Complications following hernia surgeries are relatively common and more likely among patients who are implanted with surgical hernia mesh. Some of the most serious complications, such as bowel perforation, can be life-threatening while several of the most frequently reported complications can require further surgery to repair.
More than 90 percent of the 1-million-plus hernia surgeries performed every year in the U.S. rely on hernia mesh for repairs. Nearly one-third of people who undergo hernia surgeries experience some sort of complication, with excessive pain being the most frequent complaint, according to one study.
A different study found that while hernia patients implanted with surgical mesh have far fewer recurring hernias, the rate of complications for mesh-related repairs was higher than repairs relying on sutures alone.
Depending on the surgical technique and type of mesh, complications and side effects following hernia repair surgery may vary. Patients generally recover quickly and do well after surgery, according to the U.S. Food and Drug Administration (FDA).
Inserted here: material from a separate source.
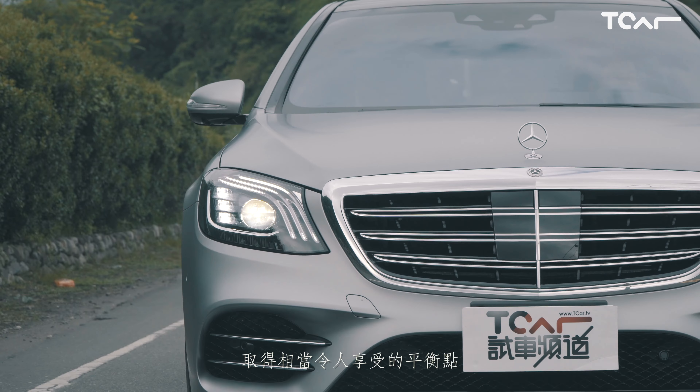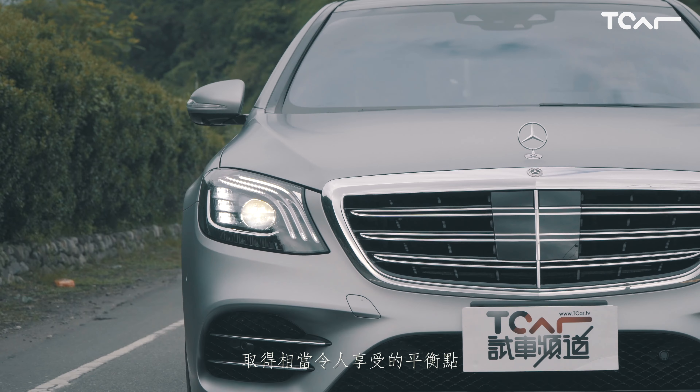The car allows you to move the seat, giving a very large space. The seat is able to hold comfortably and it is really very comfortable. The car has a lot of choices including the Burmester sound system. There is also Napa leather on the front seat and even air pressure adjustment. You can also use the controls to adjust the front seat.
But, the agency has also received hundreds of reports of adverse events following surgeries involving hernia mesh.
The FDA has analyzed scientific literature and its own adverse events database in an effort to categorize the most likely complications hernia repair patients may face.
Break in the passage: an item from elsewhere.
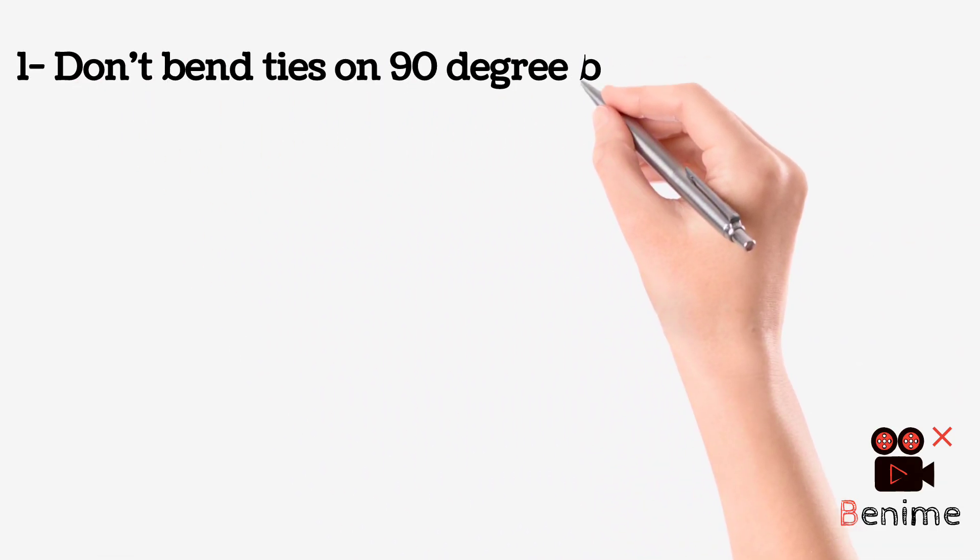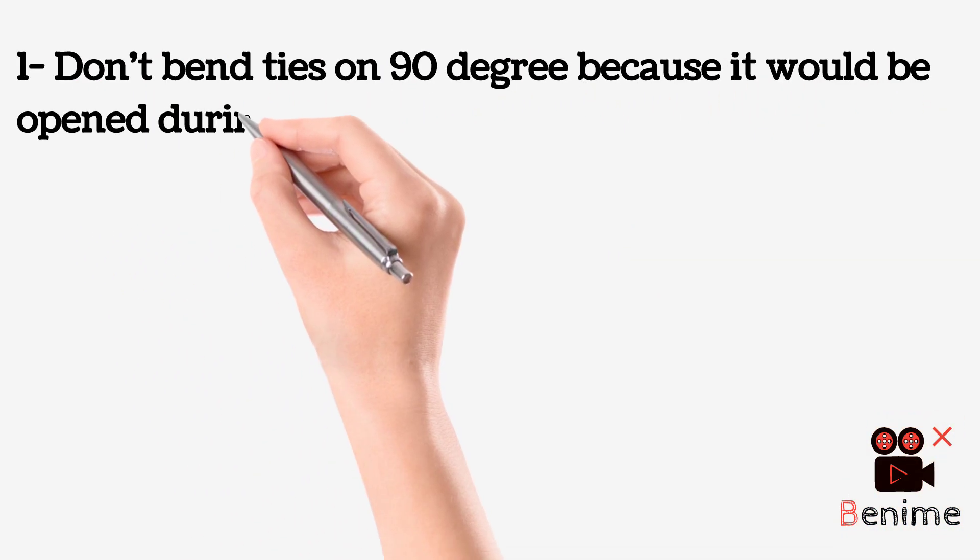Don't bend ties at 90 degrees, because they would open up during earthquakes.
“The most common adverse events following hernia repair with mesh are pain, infection, hernia recurrence, adhesion, and bowel obstruction. Some other potential adverse events that may occur following hernia repair with mesh are mesh migration and mesh shrinkage (contraction),” the FDA says on its website.
Hernia repair surgeries can be done with or without mesh. Surgeons began using mesh to further reinforce the weakened area and lower a patient’s chances of having another hernia (recurrence). In one study involving 3,242 patients, those having a hernia repair done with mesh were less likely to need a second surgery for a recurring hernia compared to those who underwent surgery without mesh.
The study also found, however, that the benefit of a lower risk of hernia recurrence was partially offset by a patient’s risk of long-term complications related to the use of mesh in hernia repair surgeries. The study thereby concluded that the overall benefits of using mesh in hernia repair surgeries are uncertain.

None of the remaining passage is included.